Whatever had triggered her alarms, Sig hesitated, visibly debating whether to approach and talk to me. She didn’t hesitate for long, though—I got the impression that she rarely hesitated for long—and chose to go find herself a table.
Now, it was a Thursday night in April, and Rigby’s was not empty. Clayburg is host to a small private college named Stillwaters University, one of those places where parents pay more money than they should to get an education for children with mediocre high school records, and underachievers with upper-middle-class parents tend to do a lot of heavy drinking. This is why Rigby’s manages to stay in business. Small bars with farming implements on the walls don’t really draw huge college crowds, but the more popular bars tend to stay packed, and Rigby’s does attract an odd combination of local rednecks and students with a sense of irony. So when a striking six-foot blonde who wasn’t an obvious transvestite sat down in the middle of the bar, there were people around to notice.

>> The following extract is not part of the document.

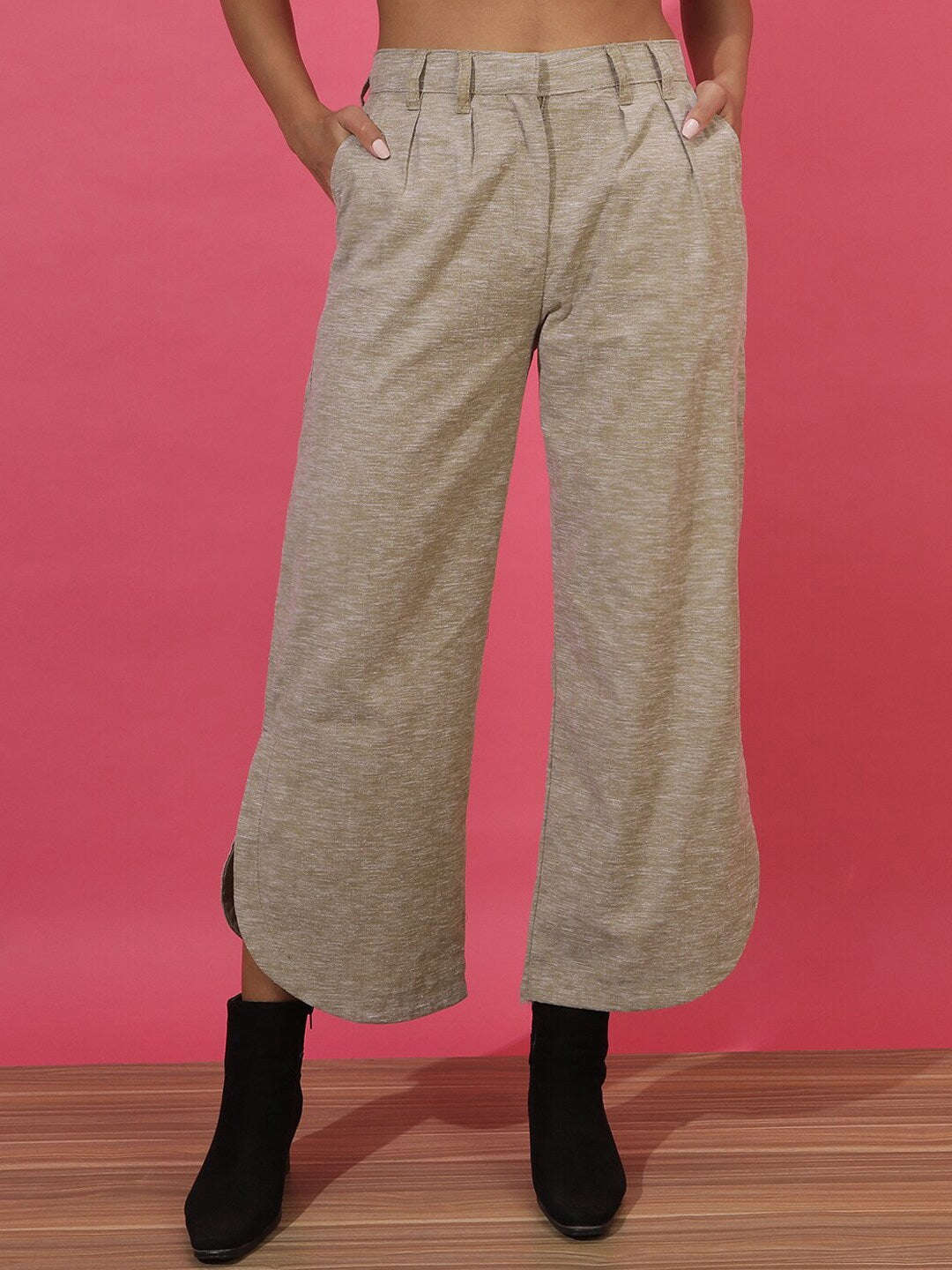 Shop Women Flare Pants With Curved Hem Online.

Even Sandra, a nineteen-year-old waitress who considers customers an unwelcome distraction from covert texting, noticed the newcomer. She walked up to Sig promptly instead of making Renee, an older waitress and Rigby’s de facto manager, chide her into action.
For the next hour I pretended to ignore the new arrival while focusing on her intently. I listened in—my hearing is as well developed as my sense of smell—while several patrons tried to introduce themselves. Sig seemed to have a knack for knowing how to discourage each would-be player as fast as possible.
She told suitors that she wanted to be up-front about her sex change operation because she was tired of having it cause problems when her lovers found out later, or she told them that she liked only black men, or young men, or older men who made more than seventy thousand dollars a year. She told them that what really turned her on was men who were willing to have sex with other men while she watched. She mentioned one man’s wife by name, and when the weedy-looking grad student doing a John Lennon impersonation tried the sensitive-poet approach, she challenged him to an arm-wrestling contest. He stared at her, sitting there exuding athleticism, confidence, and health—three things he was noticeably lacking—and chose to be offended rather than take her up on it.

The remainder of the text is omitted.